Pela primeira vez em 60 anos, o Festival da Canção, competição que escolhe o representante de Portugal na Eurovisão, terá um brasileiro entre os finalistas. O carioca Leo Middea, 28 anos, conquistou o júri com Doce Mistério, composição carregada de referências à MPB (Música Popular Brasileira), e garantiu uma vaga na final, no próximo sábado, 9 de Março.
A visibilidade obtida pela canção, contudo, trouxe também ataques racistas e xenófobos contra o brasileiro nas redes sociais. Após divulgar o conteúdo ofensivo de algumas das mensagens, o artista tem recebido também uma onda de solidariedade, incluindo de muitos portugueses.
"Os ataques começaram quando a música foi lançada, em Janeiro. Mas, depois que eu me tornei o primeiro brasileiro em uma final do Festival da Canção, a coisa ganhou outra proporção", afirmou. "Gente falando do meu sotaque como se ele fosse uma coisa nojenta, como se fosse algo que não é bom de escutar. Realmente, coisas muito maldosas."
O cantor e compositor relata que a situação chegou a um nível em que ele já não conseguia ignorar. "Eu estava inseguro sobre expor essa situação, mas depois eu me senti aliviado. Agora eu tenho recebido muitas mensagens de apoio. Eu não sabia o que ia acontecer, mas tem rolado uma onda de amor muito bonita de acompanhar."
Radicado em Lisboa desde 2017, Leo Middea sempre manteve fortes referências ao Brasil no seu trabalho. Por isso, quando foi convidado pela organização do Festival da Canção para apresentar uma composição para o concurso, ele diz que não pensou em alterar o estilo.
"Quando eles me convidaram, eu decidi fazer música como sempre faço, sem me adaptar. Uma música brasileira integrando tudo, como eu sempre fiz aqui em Portugal."
A canção escolhida, Doce Mistério, tinha sido finalizada na véspera do convite. "Achei uma óptima coincidência e resolvi arriscar", diz Middea. Com uma pegada solar, sobre um amor de Verão, a música caiu no gosto do público e dos jurados.
Antes de se dedicar à maratona de compromissos com o festival português, o brasileiro realizou uma série de apresentações em cidades europeias, quase sempre com bilhetes esgotados.

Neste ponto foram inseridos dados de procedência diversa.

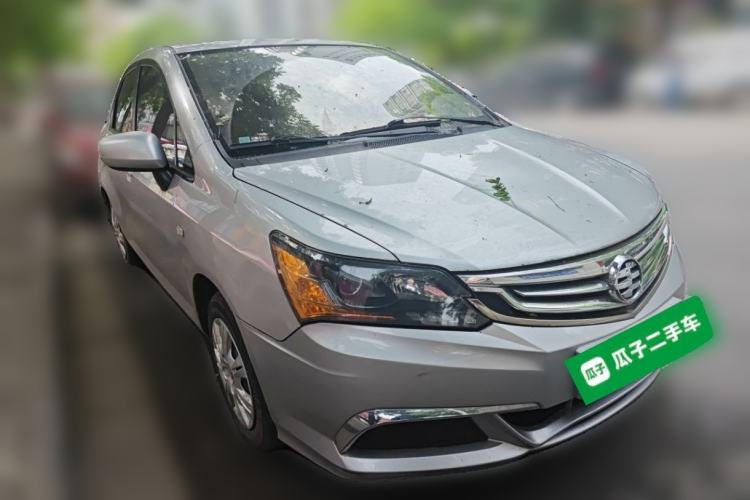 Used Everus S1 2014 1.3L Manual Comfort Edition Front Right 45 Deg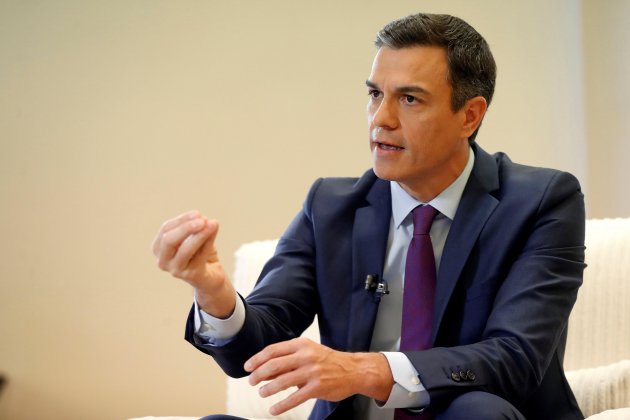 pedro sanchez efe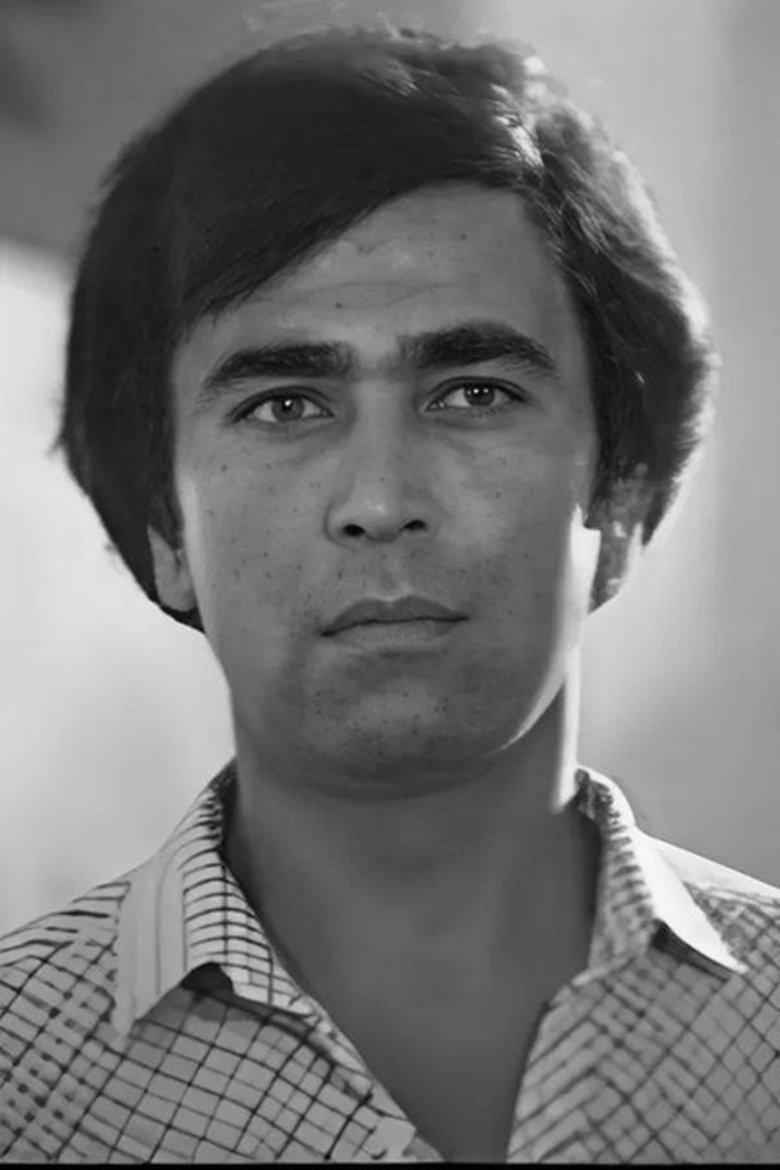 Eldaniz Rasulov Portrait of Eldaniz Rasulov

O público, relata, costuma ser bastante diversificado. "Sempre há muita gente do Brasil, eu diria que uns 40%, mas o resto é bem misturado. Muitos portugueses, italianos e espanhóis."Apesar de manter vivas as influências brasileiras, várias das composições do artista envolvem também referências a Portugal, como Lisbon, Lisbon e Freguesia de Arroios. "Eu gosto de criar com aquilo que eu estou vivendo, eu gosto de fotografar os momentos através da música."
Desde que começou a participar do Festival da Canção, o alcance do trabalho do brasileiro aumentou. "Além dos portugueses, tem também muita gente de fora. São pessoas que acompanham de perto a Eurovisão e, por isso, seguem a selecção em Portugal."
O concurso tem agora 12 finalistas, que se apresentarão ao vivo na noite de sábado numa transmissão especial da RTP. A nota dos participantes é composta pela soma da avaliação dos jurados e do voto do público. Em caso de empate na final, a opinião dos espectadores prevalece.
Diante do peso do voto popular para o resultado, os artistas têm caprichado na interacção com o público. Os brasileiros formam a maior comunidade estrangeira em Portugal e, nas redes sociais, diversos conterrâneos têm-se mostrado dispostos a angariar apoio para impulsionar o resultado de Leo Middea na competição.
Dados de Dezembro de 2023 contabilizavam cerca de 400 mil brasileiros legalmente residentes em Portugal, que tem 10,3 milhões de habitantes. Os números reais, contudo, são ainda maiores, uma vez que as estatísticas não incluem quem tem dupla cidadania portuguesa ou de outro país da União Europeia.
O vencedor da competição será o representante de Portugal na 68.ª edição do Festival da Eurovisão, que acontece em Maio na Suécia, país vencedor em 2023.
No ano passado, a representante de Portugal, Mimicat, ficou em 23.ª lugar. Até agora, Portugal só conquistou o troféu uma vez, em 2017, com a canção Amar pelos Dois, interpretada por Salvador Sobral.